* [What is needed] Take the listing below and print exactly the lines starting at the line containing "Vejce - sklo" and ending at the line containing "SaveJocksPitch's tweet image.", both ends included, and no others.

_ _ _ _ _

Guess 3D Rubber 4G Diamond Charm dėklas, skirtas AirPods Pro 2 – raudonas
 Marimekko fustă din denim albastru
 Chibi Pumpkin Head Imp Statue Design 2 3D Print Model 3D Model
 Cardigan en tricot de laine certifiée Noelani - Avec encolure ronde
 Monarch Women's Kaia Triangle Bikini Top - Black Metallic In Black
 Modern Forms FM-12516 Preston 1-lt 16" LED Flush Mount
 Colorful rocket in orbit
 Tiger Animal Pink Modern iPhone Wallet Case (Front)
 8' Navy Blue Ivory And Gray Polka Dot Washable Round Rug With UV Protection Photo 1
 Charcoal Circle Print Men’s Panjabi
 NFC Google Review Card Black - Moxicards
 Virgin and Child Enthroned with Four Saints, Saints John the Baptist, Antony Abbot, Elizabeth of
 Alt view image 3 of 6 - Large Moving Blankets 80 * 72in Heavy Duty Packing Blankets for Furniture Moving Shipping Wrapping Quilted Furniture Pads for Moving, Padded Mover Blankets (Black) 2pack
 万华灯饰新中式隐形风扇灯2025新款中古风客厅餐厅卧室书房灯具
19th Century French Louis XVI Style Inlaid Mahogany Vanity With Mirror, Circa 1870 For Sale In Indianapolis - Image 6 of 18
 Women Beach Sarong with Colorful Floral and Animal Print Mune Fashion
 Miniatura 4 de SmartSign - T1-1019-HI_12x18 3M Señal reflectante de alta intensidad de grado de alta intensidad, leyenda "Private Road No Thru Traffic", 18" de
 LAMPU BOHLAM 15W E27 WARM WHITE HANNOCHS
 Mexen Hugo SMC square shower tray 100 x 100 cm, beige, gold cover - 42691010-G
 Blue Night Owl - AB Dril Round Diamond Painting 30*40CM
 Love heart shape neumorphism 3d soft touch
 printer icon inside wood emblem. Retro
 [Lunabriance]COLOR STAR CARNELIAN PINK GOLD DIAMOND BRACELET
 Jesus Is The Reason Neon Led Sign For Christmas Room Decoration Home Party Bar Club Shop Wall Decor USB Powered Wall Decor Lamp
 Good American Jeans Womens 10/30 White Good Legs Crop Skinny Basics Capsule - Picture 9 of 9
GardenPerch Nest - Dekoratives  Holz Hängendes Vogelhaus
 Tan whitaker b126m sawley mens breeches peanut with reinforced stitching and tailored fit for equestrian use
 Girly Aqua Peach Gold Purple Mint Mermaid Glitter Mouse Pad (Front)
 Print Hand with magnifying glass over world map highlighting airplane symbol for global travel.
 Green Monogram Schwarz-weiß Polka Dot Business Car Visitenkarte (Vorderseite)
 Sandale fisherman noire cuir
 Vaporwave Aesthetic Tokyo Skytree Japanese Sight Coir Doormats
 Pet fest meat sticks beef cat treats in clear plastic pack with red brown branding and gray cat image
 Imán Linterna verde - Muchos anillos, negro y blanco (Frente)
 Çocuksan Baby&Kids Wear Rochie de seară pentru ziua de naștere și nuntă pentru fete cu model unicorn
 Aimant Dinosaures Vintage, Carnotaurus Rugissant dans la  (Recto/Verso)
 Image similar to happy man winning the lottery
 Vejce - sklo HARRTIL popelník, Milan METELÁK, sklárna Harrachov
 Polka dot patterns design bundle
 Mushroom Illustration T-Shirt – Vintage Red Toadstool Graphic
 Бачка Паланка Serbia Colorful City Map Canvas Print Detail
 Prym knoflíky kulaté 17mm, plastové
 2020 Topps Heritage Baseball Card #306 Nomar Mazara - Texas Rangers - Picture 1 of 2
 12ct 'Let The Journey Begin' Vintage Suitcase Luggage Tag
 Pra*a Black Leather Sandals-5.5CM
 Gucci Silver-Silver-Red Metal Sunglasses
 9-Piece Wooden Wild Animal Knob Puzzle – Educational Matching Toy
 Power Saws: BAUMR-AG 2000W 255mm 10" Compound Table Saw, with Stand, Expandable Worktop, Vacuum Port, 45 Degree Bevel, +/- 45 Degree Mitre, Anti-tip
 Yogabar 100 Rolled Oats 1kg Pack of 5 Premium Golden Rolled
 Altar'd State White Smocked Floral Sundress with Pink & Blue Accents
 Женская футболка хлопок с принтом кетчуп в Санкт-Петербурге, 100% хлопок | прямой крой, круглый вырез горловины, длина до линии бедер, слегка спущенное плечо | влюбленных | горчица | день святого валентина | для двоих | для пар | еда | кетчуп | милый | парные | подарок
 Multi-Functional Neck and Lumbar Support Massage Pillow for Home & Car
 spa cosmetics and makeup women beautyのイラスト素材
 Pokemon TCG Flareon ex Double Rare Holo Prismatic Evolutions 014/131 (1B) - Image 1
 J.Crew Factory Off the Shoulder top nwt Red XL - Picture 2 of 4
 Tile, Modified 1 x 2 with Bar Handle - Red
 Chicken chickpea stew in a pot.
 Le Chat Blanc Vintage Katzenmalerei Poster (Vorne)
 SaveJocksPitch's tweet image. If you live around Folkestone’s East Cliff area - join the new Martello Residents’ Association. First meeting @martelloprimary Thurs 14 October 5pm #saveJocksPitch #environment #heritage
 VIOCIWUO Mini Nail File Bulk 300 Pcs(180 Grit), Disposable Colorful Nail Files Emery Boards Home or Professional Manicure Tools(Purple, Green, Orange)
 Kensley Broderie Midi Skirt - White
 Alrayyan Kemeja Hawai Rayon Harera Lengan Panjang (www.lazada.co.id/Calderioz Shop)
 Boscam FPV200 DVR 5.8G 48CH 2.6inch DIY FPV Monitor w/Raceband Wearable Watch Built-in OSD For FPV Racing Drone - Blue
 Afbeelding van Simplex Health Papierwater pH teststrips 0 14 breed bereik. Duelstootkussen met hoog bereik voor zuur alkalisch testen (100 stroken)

_ _ _ _ _

* [Task solution]
 Vejce - sklo HARRTIL popelník, Milan METELÁK, sklárna Harrachov
 Polka dot patterns design bundle
 Mushroom Illustration T-Shirt – Vintage Red Toadstool Graphic
 Бачка Паланка Serbia Colorful City Map Canvas Print Detail
 Prym knoflíky kulaté 17mm, plastové
 2020 Topps Heritage Baseball Card #306 Nomar Mazara - Texas Rangers - Picture 1 of 2
 12ct 'Let The Journey Begin' Vintage Suitcase Luggage Tag
 Pra*a Black Leather Sandals-5.5CM
 Gucci Silver-Silver-Red Metal Sunglasses
 9-Piece Wooden Wild Animal Knob Puzzle – Educational Matching Toy
 Power Saws: BAUMR-AG 2000W 255mm 10" Compound Table Saw, with Stand, Expandable Worktop, Vacuum Port, 45 Degree Bevel, +/- 45 Degree Mitre, Anti-tip
 Yogabar 100 Rolled Oats 1kg Pack of 5 Premium Golden Rolled
 Altar'd State White Smocked Floral Sundress with Pink & Blue Accents
 Женская футболка хлопок с принтом кетчуп в Санкт-Петербурге, 100% хлопок | прямой крой, круглый вырез горловины, длина до линии бедер, слегка спущенное плечо | влюбленных | горчица | день святого валентина | для двоих | для пар | еда | кетчуп | милый | парные | подарок
 Multi-Functional Neck and Lumbar Support Massage Pillow for Home & Car
 spa cosmetics and makeup women beautyのイラスト素材
 Pokemon TCG Flareon ex Double Rare Holo Prismatic Evolutions 014/131 (1B) - Image 1
 J.Crew Factory Off the Shoulder top nwt Red XL - Picture 2 of 4
 Tile, Modified 1 x 2 with Bar Handle - Red
 Chicken chickpea stew in a pot.
 Le Chat Blanc Vintage Katzenmalerei Poster (Vorne)
 SaveJocksPitch's tweet image. If you live around Folkestone’s East Cliff area - join the new Martello Residents’ Association. First meeting @martelloprimary Thurs 14 October 5pm #saveJocksPitch #environment #heritage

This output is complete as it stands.